Assigned task
Retype, exactly as they appear below, the lines between the line holding "இரண்டு தலைகள் நான்கு" and the line holding "Tiny Happy (Urban) Farm April 2011", both ends included.

Stored data
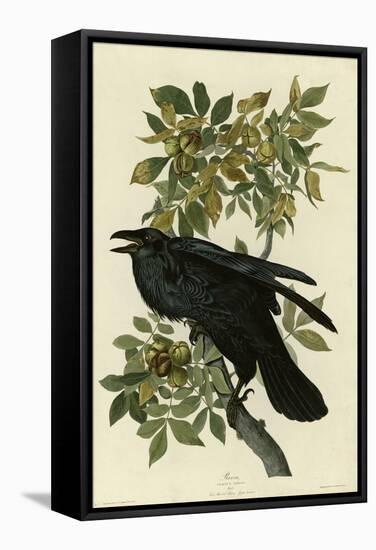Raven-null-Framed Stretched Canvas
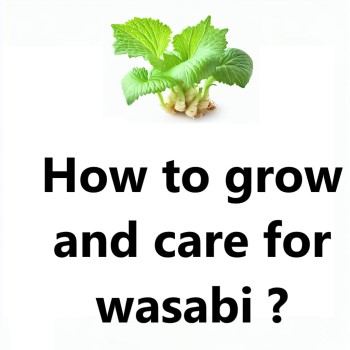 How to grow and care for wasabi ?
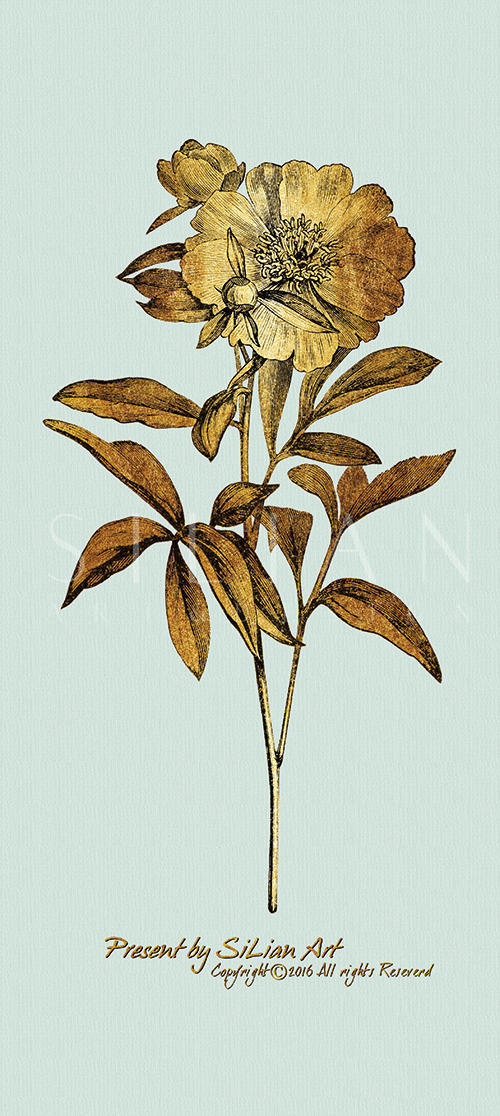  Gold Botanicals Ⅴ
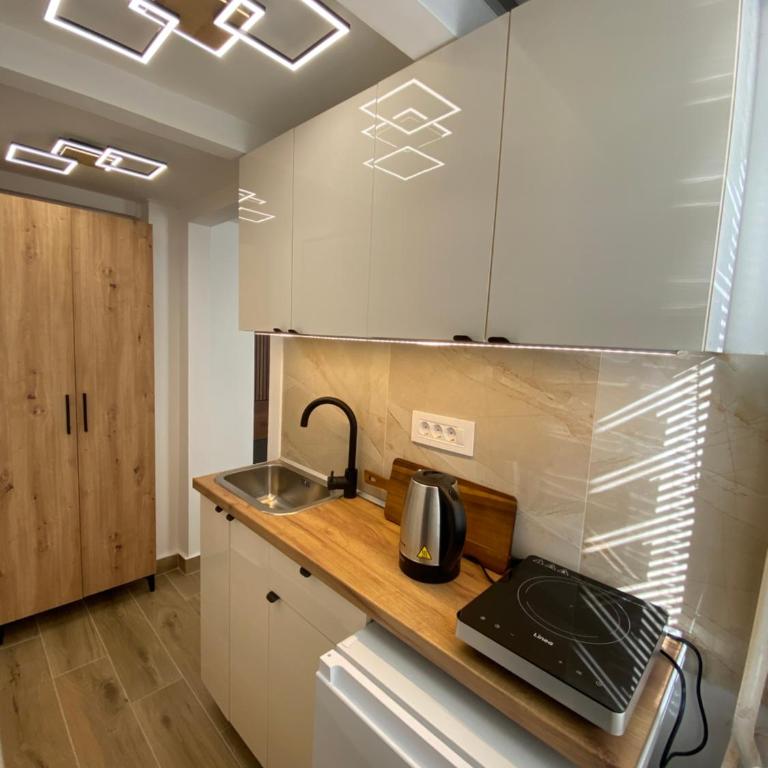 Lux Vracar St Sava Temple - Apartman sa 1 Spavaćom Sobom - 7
==
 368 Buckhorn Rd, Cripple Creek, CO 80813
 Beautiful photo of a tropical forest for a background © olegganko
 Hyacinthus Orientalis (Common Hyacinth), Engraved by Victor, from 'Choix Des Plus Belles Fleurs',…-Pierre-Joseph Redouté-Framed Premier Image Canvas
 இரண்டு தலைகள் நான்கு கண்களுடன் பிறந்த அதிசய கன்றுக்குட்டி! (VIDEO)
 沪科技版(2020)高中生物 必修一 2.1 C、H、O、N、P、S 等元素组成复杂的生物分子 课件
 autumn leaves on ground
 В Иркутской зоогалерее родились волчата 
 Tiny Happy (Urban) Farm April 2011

Answer section
 இரண்டு தலைகள் நான்கு கண்களுடன் பிறந்த அதிசய கன்றுக்குட்டி! (VIDEO)
 沪科技版(2020)高中生物 必修一 2.1 C、H、O、N、P、S 等元素组成复杂的生物分子 课件
 autumn leaves on ground
 В Иркутской зоогалерее родились волчата 
 Tiny Happy (Urban) Farm April 2011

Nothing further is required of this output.